Abstract Search

ISEF | Projects Database | Finalist Abstract

Back to Search Results | Print PDF

Is There Gliosis in the Autistic Brain?, Year Two

Booth Id:



Finalist Names:
Torres, Isabel

Autism is a brain development disorder in which patients struggle with social interactions, verbal and non-verbal communication, and show restricted/repetitive behaviors. This study aims to examine gliosis as a possible pathophysiological occurrence in autism by examining levels of GFAP, a known biomarker for gliosis. Glial cells play a key role in brain development and when reactive, increasing in number and size (gliosis),they may severely disrupt neurodevelopment. Previous studies have found elevated levels of GFAP in the frontal, parietal and cerebellar cortices of autistic subjects, which indicates gliosis in these areas.
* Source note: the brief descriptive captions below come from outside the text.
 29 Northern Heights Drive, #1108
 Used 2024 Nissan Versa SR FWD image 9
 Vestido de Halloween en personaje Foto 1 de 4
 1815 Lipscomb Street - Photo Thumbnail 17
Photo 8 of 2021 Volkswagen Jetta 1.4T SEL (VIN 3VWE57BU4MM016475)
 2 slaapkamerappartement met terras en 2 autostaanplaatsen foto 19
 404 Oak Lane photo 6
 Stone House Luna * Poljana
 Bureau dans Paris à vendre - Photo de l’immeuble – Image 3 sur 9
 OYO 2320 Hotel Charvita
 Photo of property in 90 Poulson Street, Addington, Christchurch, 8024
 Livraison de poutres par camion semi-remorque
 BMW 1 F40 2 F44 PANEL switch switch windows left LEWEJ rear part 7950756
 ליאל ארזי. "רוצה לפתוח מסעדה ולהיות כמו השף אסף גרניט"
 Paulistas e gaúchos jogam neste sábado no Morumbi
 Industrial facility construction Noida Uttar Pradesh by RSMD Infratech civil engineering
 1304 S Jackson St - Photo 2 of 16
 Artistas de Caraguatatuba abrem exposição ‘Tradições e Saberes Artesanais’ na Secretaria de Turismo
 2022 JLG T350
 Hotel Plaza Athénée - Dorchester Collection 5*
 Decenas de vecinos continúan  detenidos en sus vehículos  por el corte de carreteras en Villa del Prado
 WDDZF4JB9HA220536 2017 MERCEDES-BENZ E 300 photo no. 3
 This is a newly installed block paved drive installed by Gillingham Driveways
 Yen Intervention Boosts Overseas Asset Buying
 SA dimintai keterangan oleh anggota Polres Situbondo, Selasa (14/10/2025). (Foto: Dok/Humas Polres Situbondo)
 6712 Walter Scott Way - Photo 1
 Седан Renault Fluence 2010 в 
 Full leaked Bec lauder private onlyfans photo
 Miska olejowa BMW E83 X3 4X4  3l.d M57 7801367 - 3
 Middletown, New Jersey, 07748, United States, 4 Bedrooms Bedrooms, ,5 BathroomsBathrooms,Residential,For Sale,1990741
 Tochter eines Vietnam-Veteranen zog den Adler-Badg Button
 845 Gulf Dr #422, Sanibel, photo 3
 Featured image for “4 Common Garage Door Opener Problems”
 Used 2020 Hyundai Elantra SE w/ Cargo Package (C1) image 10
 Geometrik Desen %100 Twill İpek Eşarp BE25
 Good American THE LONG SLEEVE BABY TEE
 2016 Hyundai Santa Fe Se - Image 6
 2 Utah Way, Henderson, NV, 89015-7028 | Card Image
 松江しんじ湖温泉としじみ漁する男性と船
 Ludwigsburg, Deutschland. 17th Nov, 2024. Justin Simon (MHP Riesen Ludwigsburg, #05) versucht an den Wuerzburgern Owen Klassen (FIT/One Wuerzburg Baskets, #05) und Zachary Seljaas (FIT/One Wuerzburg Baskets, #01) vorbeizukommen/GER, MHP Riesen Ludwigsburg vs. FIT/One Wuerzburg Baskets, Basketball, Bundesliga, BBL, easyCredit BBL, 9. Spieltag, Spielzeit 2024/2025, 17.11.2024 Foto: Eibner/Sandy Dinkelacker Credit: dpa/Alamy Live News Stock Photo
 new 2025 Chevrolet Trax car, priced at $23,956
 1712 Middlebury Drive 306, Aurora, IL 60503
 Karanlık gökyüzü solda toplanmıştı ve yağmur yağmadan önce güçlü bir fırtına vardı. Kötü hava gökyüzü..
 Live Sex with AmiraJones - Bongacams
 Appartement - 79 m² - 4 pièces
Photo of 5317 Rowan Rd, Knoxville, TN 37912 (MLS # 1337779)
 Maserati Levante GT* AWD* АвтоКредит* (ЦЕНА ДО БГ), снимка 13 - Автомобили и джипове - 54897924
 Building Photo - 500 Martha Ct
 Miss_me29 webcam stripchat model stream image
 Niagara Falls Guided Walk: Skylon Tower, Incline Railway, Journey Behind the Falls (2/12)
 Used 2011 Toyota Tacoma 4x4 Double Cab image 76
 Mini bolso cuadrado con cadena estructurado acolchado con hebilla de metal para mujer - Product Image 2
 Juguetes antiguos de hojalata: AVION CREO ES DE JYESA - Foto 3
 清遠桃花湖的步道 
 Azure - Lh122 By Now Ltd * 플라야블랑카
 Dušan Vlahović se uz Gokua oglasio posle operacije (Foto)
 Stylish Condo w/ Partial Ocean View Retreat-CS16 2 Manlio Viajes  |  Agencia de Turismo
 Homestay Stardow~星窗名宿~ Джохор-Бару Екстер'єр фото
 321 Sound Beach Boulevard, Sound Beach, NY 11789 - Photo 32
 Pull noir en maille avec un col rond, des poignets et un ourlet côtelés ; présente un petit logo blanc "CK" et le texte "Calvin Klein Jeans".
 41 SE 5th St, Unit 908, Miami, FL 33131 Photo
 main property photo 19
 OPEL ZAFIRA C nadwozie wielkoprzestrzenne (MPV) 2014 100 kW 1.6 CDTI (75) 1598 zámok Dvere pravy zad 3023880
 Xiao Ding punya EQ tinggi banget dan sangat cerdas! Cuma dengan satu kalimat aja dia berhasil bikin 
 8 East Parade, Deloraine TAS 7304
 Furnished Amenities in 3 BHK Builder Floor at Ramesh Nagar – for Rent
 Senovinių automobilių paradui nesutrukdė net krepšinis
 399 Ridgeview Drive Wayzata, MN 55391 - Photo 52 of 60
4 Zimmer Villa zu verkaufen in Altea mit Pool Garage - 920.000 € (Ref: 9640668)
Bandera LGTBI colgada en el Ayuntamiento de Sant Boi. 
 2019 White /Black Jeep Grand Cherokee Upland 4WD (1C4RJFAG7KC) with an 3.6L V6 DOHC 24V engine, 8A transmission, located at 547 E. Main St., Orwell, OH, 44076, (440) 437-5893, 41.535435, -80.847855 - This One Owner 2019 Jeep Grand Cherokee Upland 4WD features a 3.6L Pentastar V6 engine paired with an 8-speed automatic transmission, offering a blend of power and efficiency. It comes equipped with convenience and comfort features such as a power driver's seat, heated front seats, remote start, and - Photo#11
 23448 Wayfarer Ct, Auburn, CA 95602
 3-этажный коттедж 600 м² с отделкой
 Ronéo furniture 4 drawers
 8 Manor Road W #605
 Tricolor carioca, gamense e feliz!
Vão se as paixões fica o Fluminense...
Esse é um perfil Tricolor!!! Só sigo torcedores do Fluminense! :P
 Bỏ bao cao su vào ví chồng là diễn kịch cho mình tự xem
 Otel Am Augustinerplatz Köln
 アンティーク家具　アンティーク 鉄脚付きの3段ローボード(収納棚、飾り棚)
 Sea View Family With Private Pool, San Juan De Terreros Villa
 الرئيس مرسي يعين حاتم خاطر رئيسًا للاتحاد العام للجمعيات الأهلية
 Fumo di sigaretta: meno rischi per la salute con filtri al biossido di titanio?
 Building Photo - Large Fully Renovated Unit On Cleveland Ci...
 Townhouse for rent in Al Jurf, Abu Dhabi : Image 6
Other studies have established a strong link between increased GFAP and elevated levels of the protein sAPPα. This protein has been found to be elevated in the insular cortex of both severely autistic patients and transgenic mice overexpressing sAPPα. Therefore, the hypothesis is that the insular cortex of autistic patients will also contain higher levels of GFAP, suggesting gliosis in this area. In order to test the hypothesis, a BCA Protein Assay and a Western Blot analysis were conducted on brain homogenate samples of 5 autistic and 5 control samples. The BCA assay aimed to quantify the total protein concentration in order to accurately equalize amounts across samples. In the Western Blot the proteins of the prepared samples were lysed, denatured, and run through a gel by electrophoresis. GFAP is detected using antibody staining and visualized on film. The intensity of the resulting bands is then quantified using ImageJ software. Results show that autistic and control samples appeared to be equal in intensity, suggesting that the levels of GFAP in the samples were the same. These finding don’t support the hypothesis.